Okay? So the basic idea is we've just used treasury method to predict the dilution from options so that we can find the diluted shares outstanding so that we can find the market value of equity.
And this just to be clear, is the fully diluted market value of equity, which is the version of equity value that is the most accurate.
All right? So that was a major step towards our comp.
There's also a lot to take in, especially if you're trying to work along with me.
So I'm happy to take feedback if I'm going too fast or too slow or if there's anything you would like to see again or if you have any questions about anything I've done, yeah, I can't see anything or hear anything.
Just put your hand up or something if you want me to slow down, otherwise I'll keep going in about 10 seconds or so.
Alright, so we've got the fully donated market value of equity.
Let's just remind ourselves of what we're actually up to.
So we've just created that block there.
Now if we can create debt and cash, then we'll be able to move to the EV, which remember is one part of the comp that we are trying to create.
So we can drop it on toco.
So let's go and find EAs debt.
So to do that I'm gonna open their pay back up, I wanna go to the balance sheet and I'm kind of looking up and down.
You can see liabilities I'm after.
So here's some senior notes.
I'm gonna grab those. They look like debt to me.
Yeah, and if you're wondering what that is, it's Excel is moaning about circularity in another spreadsheet. I've got open, oh and now I've hit the help button without meaning to, okay, what else have we got? I can't see any short term liabilities, which I don't like very much.
It could be that there are debt, so things that we would call debt hidden in some of these others.
And I think if we were doing a very rigorous job, we'd want to go looking.
So just to give you a sneaky peek about what I mean, okay, if we go and look at other current liabilities and I'm just control fing it and what I want is really the breakdown of other current liabilities.
There we go. Okay, can you see that there's a lease in there? 66 and that lease is arguably debt.

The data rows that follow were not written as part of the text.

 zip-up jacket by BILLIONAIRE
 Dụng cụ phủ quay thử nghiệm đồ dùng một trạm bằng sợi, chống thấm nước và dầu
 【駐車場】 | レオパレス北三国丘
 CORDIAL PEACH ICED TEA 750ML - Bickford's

So what we should do is we should pull it out and I'm just gonna check what it is.
Yeah, it's an operating lease.
So we should say operating lease i.e., that's debt as well paint out.
We probably want to do a bigger job on that.
But in the interest of time, I'm gonna stop there in case you're wondering why I didn't reflect some of the other liabilities.
So for example, you may be wondering why I didn't take payables or why I didn't take income tax.
They would be seen as ev, they're operating in nature and we are going to value those indirectly by building all the other blocks.
And the reason that approach is superior is because most of the operating items in the balance sheet are in the balance sheet at a pretty bad estimation of market value.
So we would prefer not to build up the EV from for example, the receivables here.
Who knows whether they're market value.
I mean we know for example, goodwill is definitely not market value because it's a kind of crazy accounting thing, right? So we're gonna ignore everything that's operational, including operational liabilities.
Okay? So we've got debt. Now let's go ahead and grab cash.
So we've got a lot of cash and then what we could do is in cash we could also include anything that's non call.
For example, immediately I can see short term investments.
They are not operating, they are not part of the EV they should be outside the EV.
And so I'm gonna drop them in and do bridge work on them.
Okay? Anything else? Let's do a look.
I'm kind of looking for like associates, NCI, that kind of thing.
I can't see anything else. So I feel like my bridge work is complete.
I'm now gonna conceptually cross the bridge, okay? What I'm gonna do is mathematically I'm gonna start equity, I'm gonna add debt, I'm gonna deduct cash and non-core and move down to EV.
And the basic idea of the bridge is that this is where all the funds are coming from and this is where all the funds are used.
So they should be in balance.
And we are interested in the use of funds which is operational, the value of operations.
Okay? So we're gonna go to EV and we're gonna say bridge work equity plus debt minus cash minus non-core.
Okay? So we would predict that the value of operations of EA is $37 billion.
And that is a major step in our treasury excuse me in our trading comp, pausing that, see if there's questions.
Again, I'm just seeing if there are any hands up or anything. Otherwise I'll keep going in about 10 seconds.
Okay? So next I need EBITDA. Okay, so EBITDA calculations.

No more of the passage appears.